A new study of the Faculty of Medicine of the University of Washington in St. Louis (United States) can help explain how excess weight can contribute to diabetes and can provide researchers with an objective to help prevent or delayDiabetes in some people at risk.
The findings, which have been published in the magazine 'Cell Metabolism', suggest that many people with high insulin levels, an early score of the risk of diabetes, also have defects in an important enzyme for the processing of a key fatty acid of thediet.
"Between 30 and 40 million people in the United States they have type 2 diabetes, and another 90 to 100 million have risk factors that make them prone to develop type 2 diabetes in the future," said principal researcher Clay F. Semenkovich, Director of the Division of Endocrinology, Metabolism and Lipid Research of the Faculty of Medicine.
"Many at risk of diabetes have high insulin levels, a distinctive seal of insulin resistance and a sign that problems can be brewing. If we could intervene before they really develop diabetes, we could prevent significant health problems, such asheart disease, chronic kidney diseases, nerve damage, loss of vision and other problems, in a large number of people, "he said.
When a person has too much body fat, he tells the beta cells of the pancreas that they secrete more insulin.When insulin levels rise and remain high, the body can become insulin resistant and, finally, beta cells that secrete insulin can fail, which leads to diabetes.

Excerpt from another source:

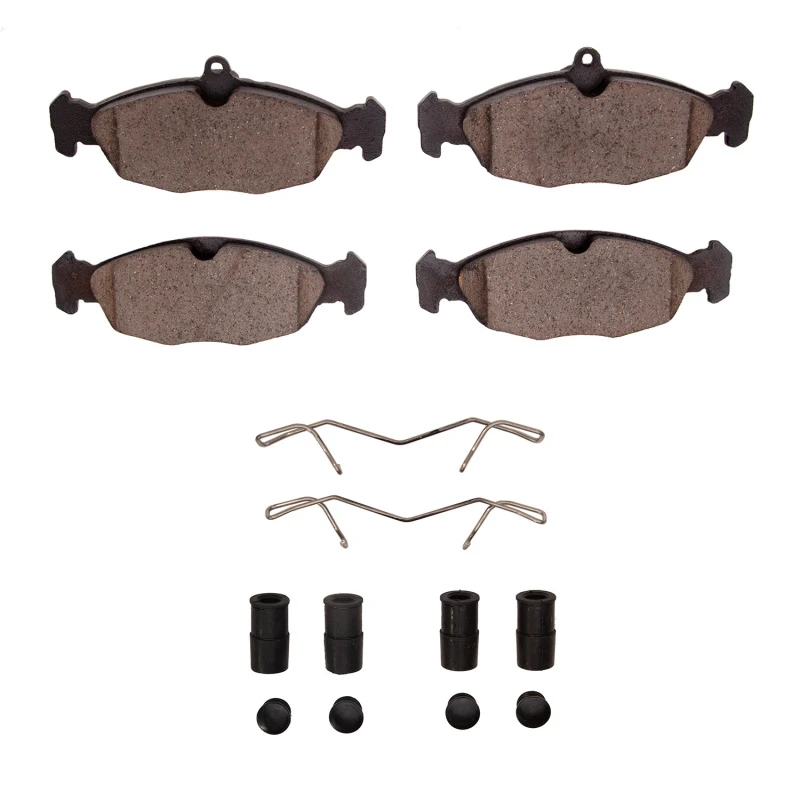 DFC 97-06 Jaguar XJR Rear 4000 HybriDynamic Brake Pads and Hardware Kit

Studying human fabric samples, Semenkovich, Professor Irene E. and Michael M. Karl;the first author Guifang Dong, PhD, senior scientist;Xiaochao Wei, Associate Professor of Medicine;and other researchers at the University of Washington found that insulin overproduction involves a process called palmitilation.This is the process by which cells join the fatty acid palmitate to proteins.
Thousands of human proteins can be joined to the palmitate, but the researchers discovered that when this fatty acid is not eliminated from proteins in beta cells, the final result is diabetes.When examining tissue samples of thin or overweight people, with and without diabetes, researchers found that people with diabetes had deficiency of an enzyme that eliminates the palmitate of beta cells.
"Hypersecretan insulin because this process goes wrong and cannot properly regulate the liberation of insulin from beta cells. The regulation of insulin release is partly controlled by this process of palmmitilation," said Semenkovich.